> **Input material**:
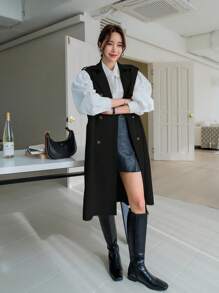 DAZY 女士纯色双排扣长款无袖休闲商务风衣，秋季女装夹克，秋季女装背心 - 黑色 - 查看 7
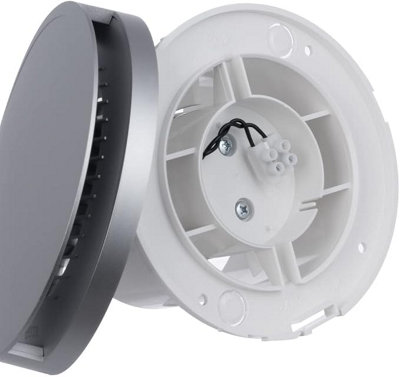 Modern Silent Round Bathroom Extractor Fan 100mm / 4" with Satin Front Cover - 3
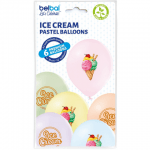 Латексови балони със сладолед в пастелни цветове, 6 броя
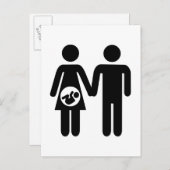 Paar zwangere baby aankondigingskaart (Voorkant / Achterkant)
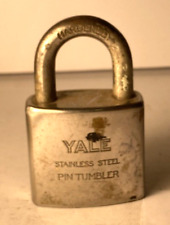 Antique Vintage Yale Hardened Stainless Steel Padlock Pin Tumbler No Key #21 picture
---
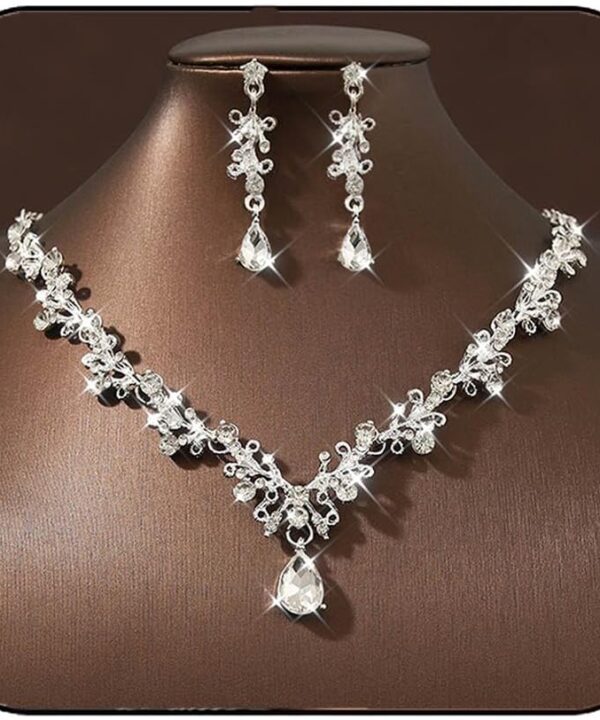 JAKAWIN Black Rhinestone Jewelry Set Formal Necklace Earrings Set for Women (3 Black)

> **Directions for this task**: Give back exactly the lines of the listing above from the one that contains "Латексови балони със" up to and including the one that contains "Antique Vintage Yale", but not the pictures, and no other lines.

> **Reply**:
 Латексови балони със сладолед в пастелни цветове, 6 броя
 Paar zwangere baby aankondigingskaart (Voorkant / Achterkant)
 Antique Vintage Yale Hardened Stainless Steel Padlock Pin Tumbler No Key #21 picture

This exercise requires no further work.